Output only the stretch of the listing that starts at the line containing "Chickens poultry - Advert 11" and ends at the line containing "Пассажирский самолет экстренно", reproduced exactly with both ends.

┄┄┄┄┄┄┄┄┄┄

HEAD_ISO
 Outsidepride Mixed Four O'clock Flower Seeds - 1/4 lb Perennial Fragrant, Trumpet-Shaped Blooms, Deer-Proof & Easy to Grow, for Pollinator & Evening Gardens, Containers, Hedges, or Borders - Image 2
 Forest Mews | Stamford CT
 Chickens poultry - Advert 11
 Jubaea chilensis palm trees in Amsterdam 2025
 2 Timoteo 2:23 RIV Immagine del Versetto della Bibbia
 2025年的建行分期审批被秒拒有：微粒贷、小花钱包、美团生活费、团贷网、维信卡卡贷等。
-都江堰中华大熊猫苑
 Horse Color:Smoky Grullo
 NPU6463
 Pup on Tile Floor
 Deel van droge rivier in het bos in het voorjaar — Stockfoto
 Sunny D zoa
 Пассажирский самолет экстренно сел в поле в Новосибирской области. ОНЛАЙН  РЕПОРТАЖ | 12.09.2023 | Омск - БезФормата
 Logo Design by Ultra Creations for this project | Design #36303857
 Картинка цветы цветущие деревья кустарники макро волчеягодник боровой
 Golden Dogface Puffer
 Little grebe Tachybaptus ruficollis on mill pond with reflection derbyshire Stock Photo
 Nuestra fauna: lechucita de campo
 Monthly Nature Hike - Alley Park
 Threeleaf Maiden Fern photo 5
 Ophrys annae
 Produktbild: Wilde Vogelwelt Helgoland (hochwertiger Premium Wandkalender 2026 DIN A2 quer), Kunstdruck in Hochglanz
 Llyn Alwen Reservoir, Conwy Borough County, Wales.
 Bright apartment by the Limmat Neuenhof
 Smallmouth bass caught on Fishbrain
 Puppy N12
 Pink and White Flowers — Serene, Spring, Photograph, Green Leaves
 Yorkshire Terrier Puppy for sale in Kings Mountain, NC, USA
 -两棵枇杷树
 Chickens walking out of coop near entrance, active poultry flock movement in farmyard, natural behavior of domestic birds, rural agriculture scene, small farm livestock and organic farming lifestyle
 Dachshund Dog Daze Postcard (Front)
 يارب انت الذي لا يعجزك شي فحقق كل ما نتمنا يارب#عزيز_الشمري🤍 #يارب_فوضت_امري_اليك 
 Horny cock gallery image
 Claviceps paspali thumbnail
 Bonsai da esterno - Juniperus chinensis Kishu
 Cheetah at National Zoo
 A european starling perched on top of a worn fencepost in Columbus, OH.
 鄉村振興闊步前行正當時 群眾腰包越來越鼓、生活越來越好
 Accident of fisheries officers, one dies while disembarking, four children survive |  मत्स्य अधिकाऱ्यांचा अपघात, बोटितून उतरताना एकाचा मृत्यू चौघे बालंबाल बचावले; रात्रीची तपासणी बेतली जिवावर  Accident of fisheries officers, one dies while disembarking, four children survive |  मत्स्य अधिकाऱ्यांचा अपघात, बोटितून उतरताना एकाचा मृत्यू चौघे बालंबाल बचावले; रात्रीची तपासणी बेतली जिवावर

┄┄┄┄┄┄┄┄┄┄

WRITTEN ANSWER »
 Chickens poultry - Advert 11
 Jubaea chilensis palm trees in Amsterdam 2025
 2 Timoteo 2:23 RIV Immagine del Versetto della Bibbia
 2025年的建行分期审批被秒拒有：微粒贷、小花钱包、美团生活费、团贷网、维信卡卡贷等。
-都江堰中华大熊猫苑
 Horse Color:Smoky Grullo
 NPU6463
 Pup on Tile Floor
 Deel van droge rivier in het bos in het voorjaar — Stockfoto
 Sunny D zoa
 Пассажирский самолет экстренно сел в поле в Новосибирской области. ОНЛАЙН  РЕПОРТАЖ | 12.09.2023 | Омск - БезФормата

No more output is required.